La première étape cruciale est pour les entrepreneurs d’admettre qu’ils ont probablement peu d’informations sur le marché qu’ils souhaitent explorer, tant du point de vue économique que culturel. Cela va au-delà du simple manque de données économiques. Pour construire une chaîne de valeur adaptée, il est essentiel d’éliminer tout préjugé et d’adopter un regard frais. Une approche «Test & Learn», où l’on teste constamment et apprend des marchés, est une méthode efficace pour acquérir des connaissances précieuses. Réussir une expansion nécessite une présence sur le terrain, une compréhension approfondie des complexités locales et la construction d’une chaîne de valeur solide.
Pourriez-vous donner un exemple de construction d’une chaîne de valeur propre?
Prenons l’exemple de Kwely, une startup sénégalaise. L’entrepreneure a vendu quatre entreprises aux États-Unis par le passé. Son idée initiale était de créer une place de marché B2B pour vendre des produits africains à l’étranger. Cependant, une fois sur le terrain, elle a
découvert que les produits artisanaux sénégalais étaient difficiles à vendre aux États-Unis. Elle a créé alors une entreprise de packaging et de design, a développé une marque attrayante pour le marché américain, et a établi une entreprise de facilitation logistique qui fournissait des crédits pour aider les vendeurs. Elle a même créé une succursale aux États-Unis pour faciliter les opérations là-bas. Comprenant que les vendeurs américains n’étaient pas familiers avec les produits africains, elle a dû former une équipe aux États-Unis pour éduquer le marché, tout en développant des services connexes. Ce cas souligne l’importance de comprendre que construire sa propre chaîne implique souvent la création d’infrastructures et de services supplémentaires qui peuvent ne pas sembler directement liés à la proposition de valeur initiale. L’adaptabilité et la créativité dans la construction de cette chaîne de valeur sont essentielles pour réussir dans des environnements complexes et en mutation rapide.

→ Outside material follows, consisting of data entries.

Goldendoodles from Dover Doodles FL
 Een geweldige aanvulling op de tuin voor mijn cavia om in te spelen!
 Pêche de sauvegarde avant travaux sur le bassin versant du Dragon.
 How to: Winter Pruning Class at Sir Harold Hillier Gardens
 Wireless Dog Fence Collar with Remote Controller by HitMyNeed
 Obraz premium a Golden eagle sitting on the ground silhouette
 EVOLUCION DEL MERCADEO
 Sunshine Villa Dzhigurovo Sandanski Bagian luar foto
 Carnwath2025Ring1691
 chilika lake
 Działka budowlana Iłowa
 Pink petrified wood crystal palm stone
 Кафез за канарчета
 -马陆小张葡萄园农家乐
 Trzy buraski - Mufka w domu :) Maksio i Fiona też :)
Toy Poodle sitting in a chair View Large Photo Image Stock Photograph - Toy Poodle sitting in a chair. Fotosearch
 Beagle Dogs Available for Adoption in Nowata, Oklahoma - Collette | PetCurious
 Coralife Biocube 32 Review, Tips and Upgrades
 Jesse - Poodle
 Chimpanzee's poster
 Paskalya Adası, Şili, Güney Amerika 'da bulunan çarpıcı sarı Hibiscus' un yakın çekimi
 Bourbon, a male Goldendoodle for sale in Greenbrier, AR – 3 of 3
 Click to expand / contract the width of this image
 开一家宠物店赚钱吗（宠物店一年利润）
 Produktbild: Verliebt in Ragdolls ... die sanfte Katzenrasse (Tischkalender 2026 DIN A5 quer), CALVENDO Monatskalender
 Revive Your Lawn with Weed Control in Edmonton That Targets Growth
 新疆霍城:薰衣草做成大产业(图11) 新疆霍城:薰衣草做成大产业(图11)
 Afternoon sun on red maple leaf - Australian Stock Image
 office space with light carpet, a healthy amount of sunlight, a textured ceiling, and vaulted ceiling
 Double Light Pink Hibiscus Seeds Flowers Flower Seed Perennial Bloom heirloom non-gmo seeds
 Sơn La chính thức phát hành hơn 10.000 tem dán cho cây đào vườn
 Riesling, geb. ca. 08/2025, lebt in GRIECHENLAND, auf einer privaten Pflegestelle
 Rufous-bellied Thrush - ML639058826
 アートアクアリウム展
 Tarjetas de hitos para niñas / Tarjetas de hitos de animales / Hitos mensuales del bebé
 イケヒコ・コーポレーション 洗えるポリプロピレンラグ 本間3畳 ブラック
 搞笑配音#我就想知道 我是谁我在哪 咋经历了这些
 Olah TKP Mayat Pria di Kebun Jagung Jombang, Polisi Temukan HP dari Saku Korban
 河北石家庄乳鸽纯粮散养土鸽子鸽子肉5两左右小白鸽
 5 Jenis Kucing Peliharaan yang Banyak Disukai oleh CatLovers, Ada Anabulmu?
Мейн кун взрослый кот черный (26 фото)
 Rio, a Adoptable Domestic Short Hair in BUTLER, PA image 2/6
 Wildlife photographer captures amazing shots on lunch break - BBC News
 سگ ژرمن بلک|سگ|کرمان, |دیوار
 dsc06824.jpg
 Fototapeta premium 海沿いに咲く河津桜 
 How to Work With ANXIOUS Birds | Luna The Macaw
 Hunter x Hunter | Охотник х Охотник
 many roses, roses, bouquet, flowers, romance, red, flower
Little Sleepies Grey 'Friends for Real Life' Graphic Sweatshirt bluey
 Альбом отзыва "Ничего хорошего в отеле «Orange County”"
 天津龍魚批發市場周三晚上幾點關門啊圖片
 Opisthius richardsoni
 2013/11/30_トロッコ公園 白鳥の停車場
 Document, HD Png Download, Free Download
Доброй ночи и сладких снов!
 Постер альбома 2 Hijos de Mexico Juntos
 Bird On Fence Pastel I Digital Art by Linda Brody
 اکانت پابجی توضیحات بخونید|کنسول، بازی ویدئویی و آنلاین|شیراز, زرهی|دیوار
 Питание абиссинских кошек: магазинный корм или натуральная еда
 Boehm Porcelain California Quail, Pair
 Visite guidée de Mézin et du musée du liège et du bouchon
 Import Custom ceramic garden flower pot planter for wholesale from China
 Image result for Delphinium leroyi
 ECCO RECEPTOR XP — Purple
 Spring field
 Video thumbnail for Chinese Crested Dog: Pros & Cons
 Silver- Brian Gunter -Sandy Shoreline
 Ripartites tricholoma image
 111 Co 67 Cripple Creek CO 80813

Comment évaluez-vous actuellement l’efficacité des structures d’accompagnement dans l’écosystème?
Il est crucial d’élargir l’évaluation au-delà des startups, car ces structures, souvent désignées comme des “startup support organizations”, ont un impact étendu. En s’impliquant activement dans la construction de l’écosystème, l’éducation et la formation, elles touchent des populations qui ne sont pas nécessairement destinées à créer des entreprises à court terme. De plus, elles accompagnent non seulement les startups à fort potentiel de croissance, mais également les petites et moyennes entreprises, les micro-entreprises et même les entrepreneurs cherchant simplement à survivre dans leur activité. Cependant, ces acteurs sont souvent évalués selon des critères inadaptés, ce qui peut fausser leur véritable impact.